Summary

As part of a new anti-corruption package announced on 3 May 2023, the European Commission has proposed a new directive (Directive) which, if implemented, would require EU member states (Member States) to meet common standards in their anti-corruption legislation.

More detail on the EU’s anti-corruption package, including the proposed new rules, an overview of the EU anti-corruption framework and expected next steps is set out here. The average timeline for a directive to become EU Law from Commission proposal stage (if adopted) is eighteen months. If the proposal is adopted, Member States would then have a further eighteen months to transpose the Directive into national law (i.e. until roughly 2026). The proposed Directive could significantly increase the risk for many companies of prosecution for anti-bribery and corruption (ABC) offences, and further increase scrutiny of ABC compliance programmes.

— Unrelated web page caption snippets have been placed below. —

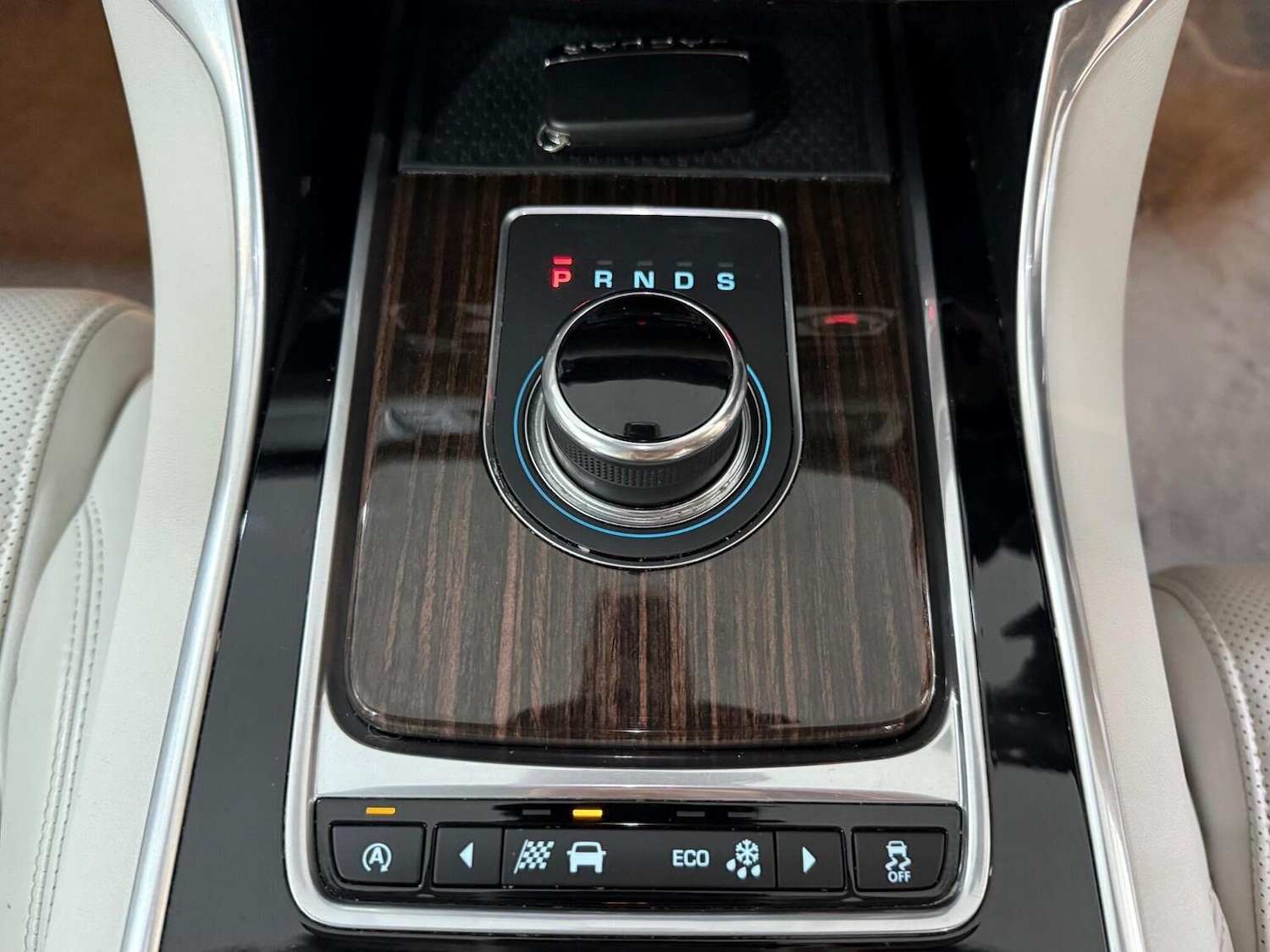 Used Jaguar XF 2017 for sale - 76785059: Photo 27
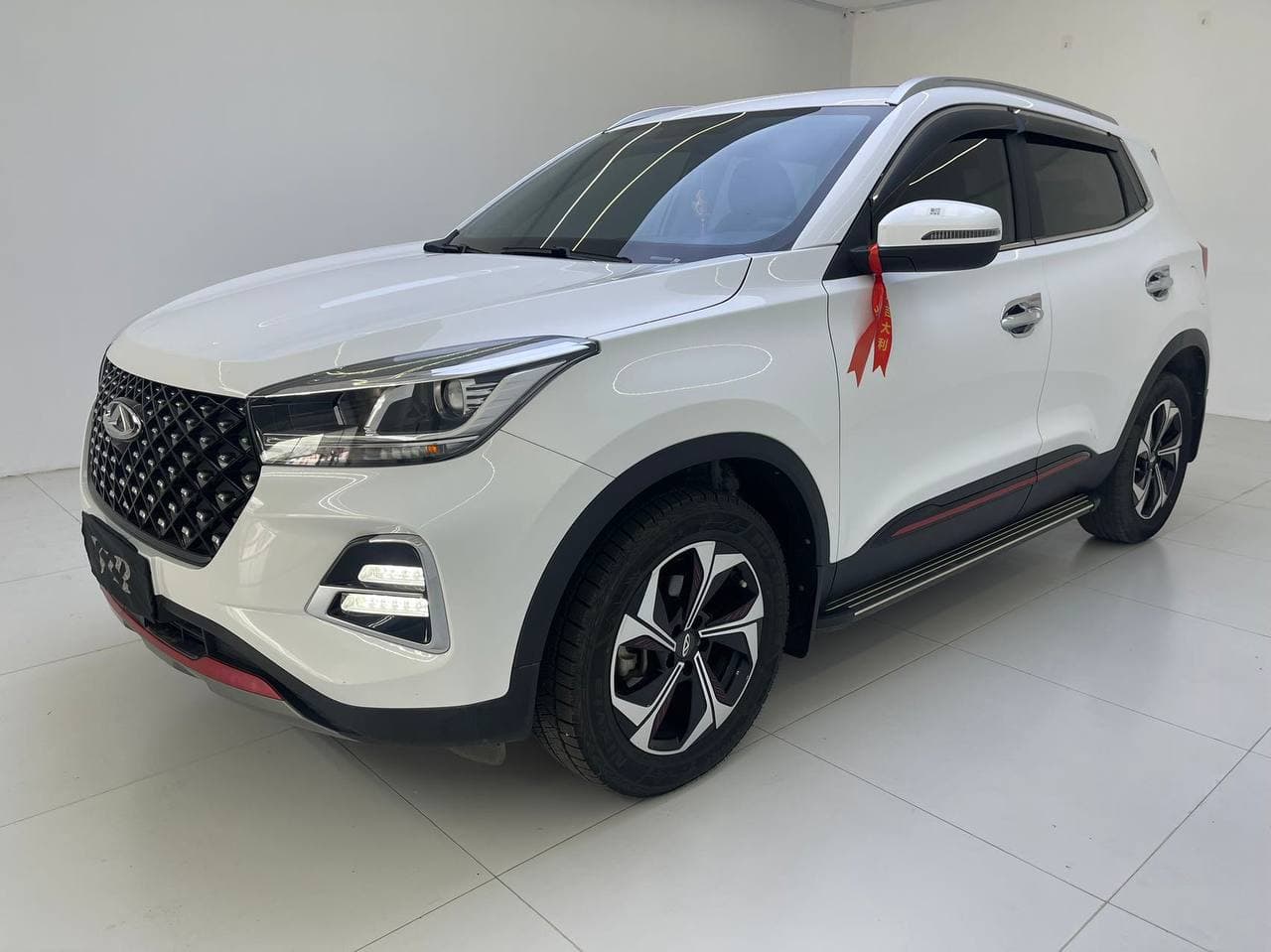 Chery Tiggo (T11) - 1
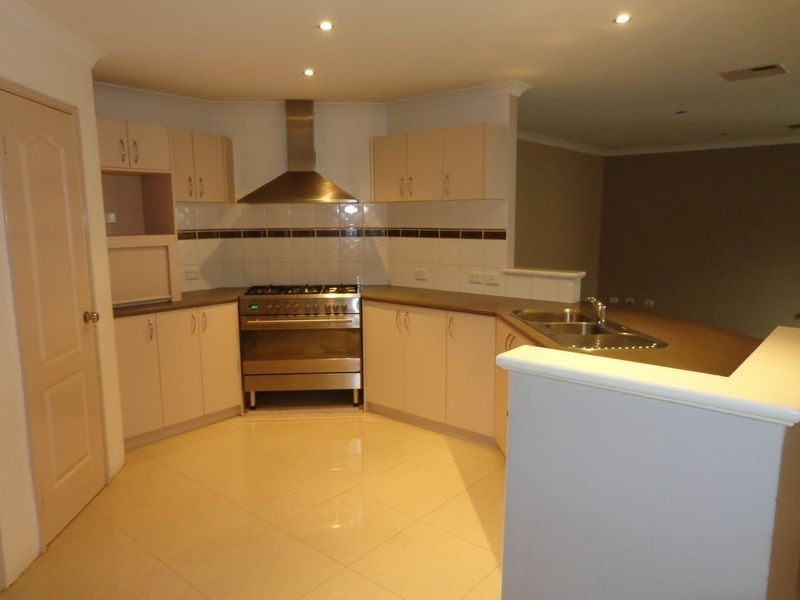 20 Three Bears Loop, Secret Harbour WA 6173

The Directive will require companies with operations in / a nexus to Member States to ensure their ABC compliance programmes meet the new standards (the implementation of which may vary between different jurisdictions). Given the practical challenges of identifying which legislation may apply, particularly for multi-national companies, it is likely that companies may need to adopt the ‘high-water mark’ approach. In practice, this may mean ensuring compliance with the most stringent aspects not only of laws implementing the new Directive, but also other applicable laws and associated guidance, for example the US Foreign Corrupt Practices Act 1977 (FCPA), UK Bribery Act 2010 (UKBA) and the French Criminal Code as well as the law n°2016-1691 (the Sapin II law). For example, companies with multi-national operations may need to consider guidance issued by UK and US authorities in relation to compliance programmes, and may need to consider putting in place policies and procedures to protect against improper payments made by ‘associated persons’ (for example, agents, service providers or intermediaries) as whilst these might not be caught by the Directive, they may be considered an offence under other applicable laws. Comparisons between the Directive and these legislative frameworks are set out below.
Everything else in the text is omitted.